By some strange but constant law of man's perverse fallen nature, improvements, whether mechanical or moral, have always to encounter and triumph over suspicion, prejudice, and aversion. This is especially the case among the

working classes in any mechanical changes.

The following was related by the Rev. T. Newsome, in a speech at a public meeting in Beverley.

In a certain village the people were accustomed to carry almost everything upon their heads; however, heavy the burden, they must have it on the head. A gentleman feeling alarmed for the people, introduced wheel-barrows amongst them, believing that to be a safer and easier mode of conveyance.
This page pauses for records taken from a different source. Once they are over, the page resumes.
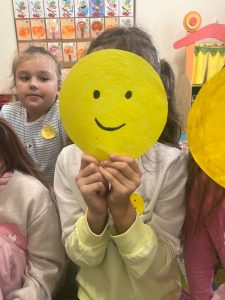 Na pierwszym planie widoczna jest uczennica, która zakrywa twarz dużym żółtym kołem wyciętym z papieru. Na kole narysowana jest uśmiechnięta buzia. Obok i w tle widać inne dzieci.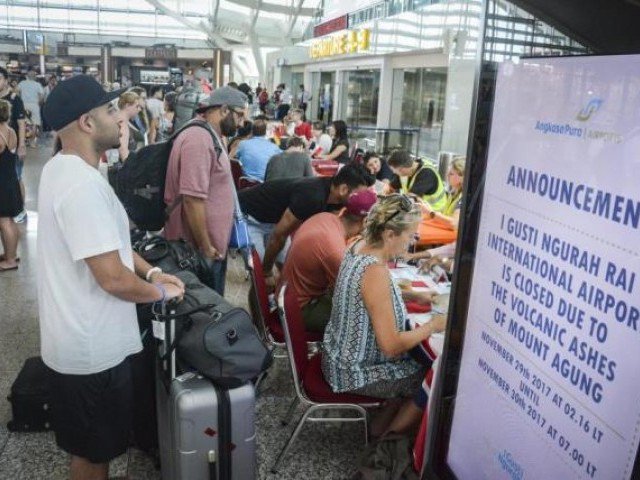 tourists wait at ngurah rai international airport in denpasar bali photo afp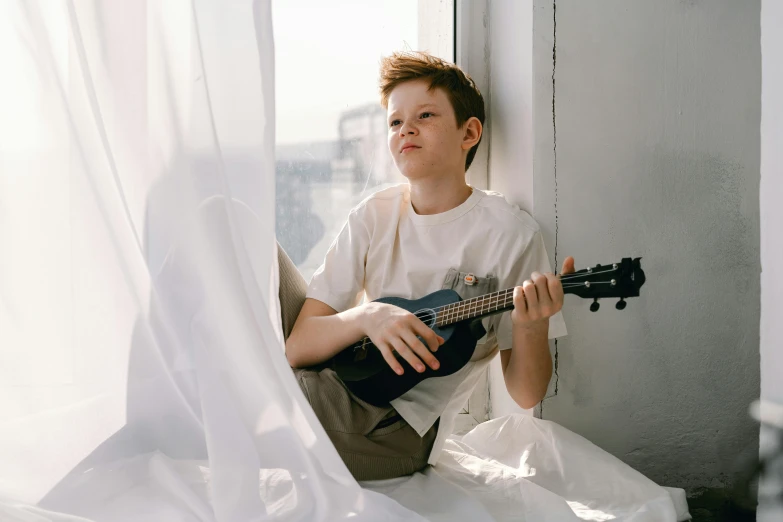 a boy sitting on a window sill playing a guitar, by Julia Pishtar, pexels contest winner, wearing a light shirt, greta thunberg, ukulele, background image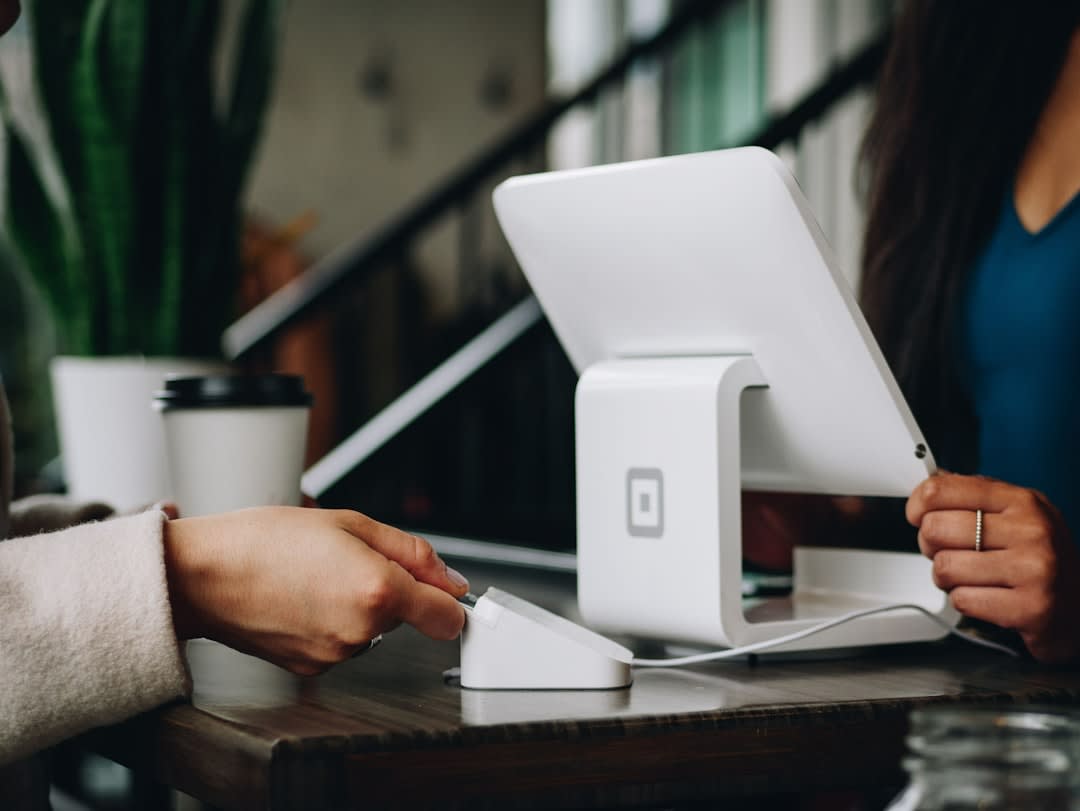 Small business owner processing payments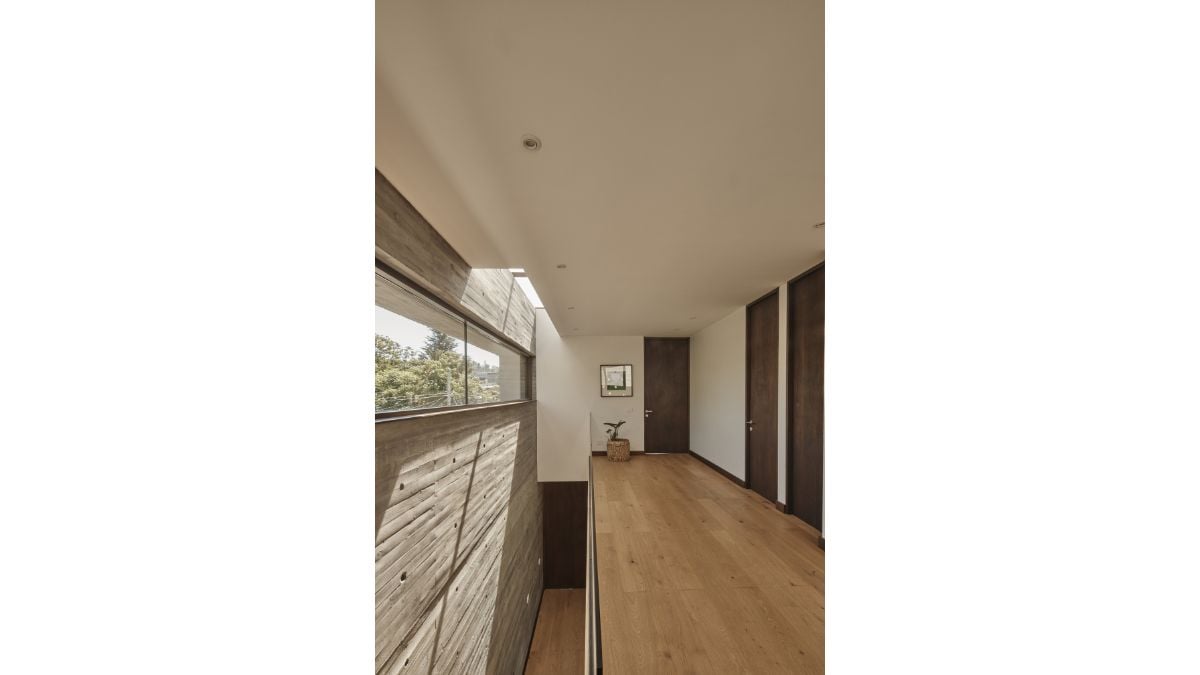 The second floor, which is more private, has a huge master bedroom, a guest bedroom, and a living area.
One day a man having got his wheelbarrow well loaded, was wheeling it away, when lo! he suddenly fell out with the new scheme, and getting a man who was passing to help him, he lifted barrow and goods upon his head in the good old way, and then walked on, apparently perfectly satisfied.

On the construction of the only railway which has been made in the island of Jamaica, it is stated that the native labourers were supplied with barrows for the purpose of removing the earth. When these men began to work, they placed these vehicles, laden with earth, upon the top of their heads; and it was not without much expostulation that the English foremen were enabled to induce them to try the effect of placing the barrow on a plank, and wheeling instead of carrying the load.

THE WORLD'S INGRATITUDE.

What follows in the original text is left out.